Kiwi-born Chris Ringland’s winemaking has taken him around the world. Since 2001 he’s worked on projects in Spain and believes he has found a country that’s like “the Australia of Europe” in terms of climate and attitude. “The Spanish are easygoing and it’s conducive to having a good time,” says Ringland. Here are five reasons why anyone who’s passionate about wine should be following in his footsteps.

The culture is steeped in wine

Spain has about a million hectares of land planted with vines – more than any other country. “Wine is treated as a natural part of life; it’s just there,” says Ringland. “They don’t treat it with that geeky connoisseurship that we can. A few euro can get you a damn-good bottle of red wine.”

Quality is only getting better

“In the past 10 years the Spanish have started to realise, ‘Wow, we’re making these world-class wines’,” explains Ringland. While the projects he’s involved with – El Nido and Alto Moncayo – were largely exported in the early years, there’s now a significant interest locally. “People are starting to realise that if they want the best, they have to spend north of 50.”

You’re expected to linger over a bottle

If lunch in Spain doesn’t come with wine – and doesn’t stretch for more than an hour – it’s just a snack. “It’s almost a religious observance. More often that not it’s the main focus of the day,” says Ringland. “At the vineyards, lunch wouldn’t begin until two or three and we would wind up at five. Then we’d have maybe an hour to relax before heading back to the winery or the vineyards to get a bit more done before the sun went down.” 

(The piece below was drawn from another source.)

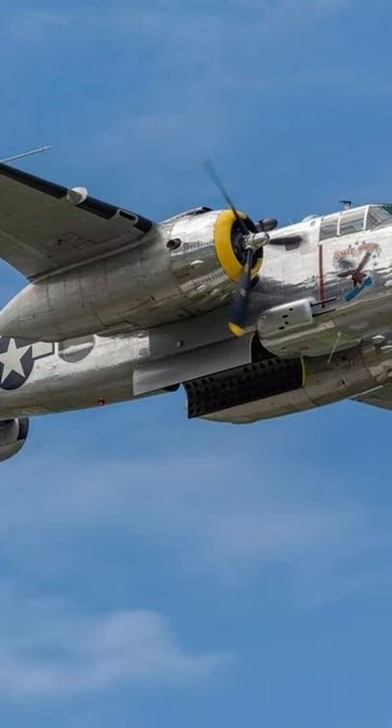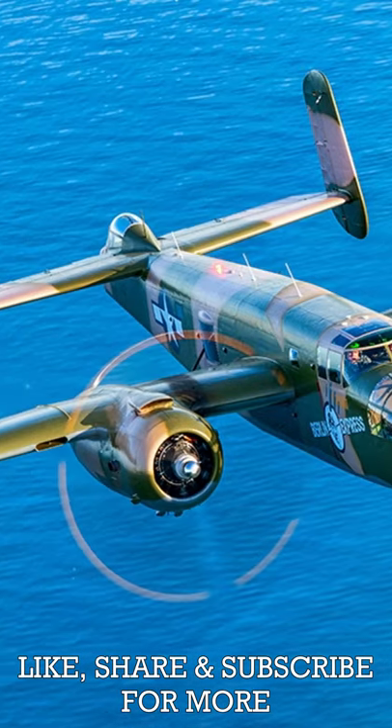This bomber would be used all across Europe and the Pacific during the Second World War, and would become famous in American history.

The Spaniards have the food to match

“Spain is just bloody amazing when it comes to food,” raves Ringland. “Near my project in the hinterland close to Alicante on the Mediterranean coast, there’s what they call arroz – we’d call it paella. Unlike the paella in Valencia, where it’s mostly a seafood dish, in the mountains it’s a combination of wild rabbit and snail. That combination with a full-bodied Spanish red wine is a bit of a no-brainer.”

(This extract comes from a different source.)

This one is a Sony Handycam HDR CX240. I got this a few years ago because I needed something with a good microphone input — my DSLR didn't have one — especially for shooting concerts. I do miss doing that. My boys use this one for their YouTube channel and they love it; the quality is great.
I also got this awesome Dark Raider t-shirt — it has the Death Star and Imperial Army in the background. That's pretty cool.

There’s a world of wine to discover

From the reds of Rioja and the sparkling cava from Catalonia to sherry produced in the region surrounding Andalusia’s Jerez, Spain offers an almost daunting range of wines. With more than 60 regional Denominación de Origen (DO), over 100 grape varieties and a surprising range of climatic conditions, you’ll never run out of a new drop to try. Even Ringland is still learning. “A few weeks ago we tried some of the really amazing reds that are coming out of the Canary Islands; it was really quite an eye-opener. That fires everyone up – it’s important not to get stuck in a rut and explore what’s going on.” And that’s true whether you’re a celebrated winemaker or a celebrating wine drinker.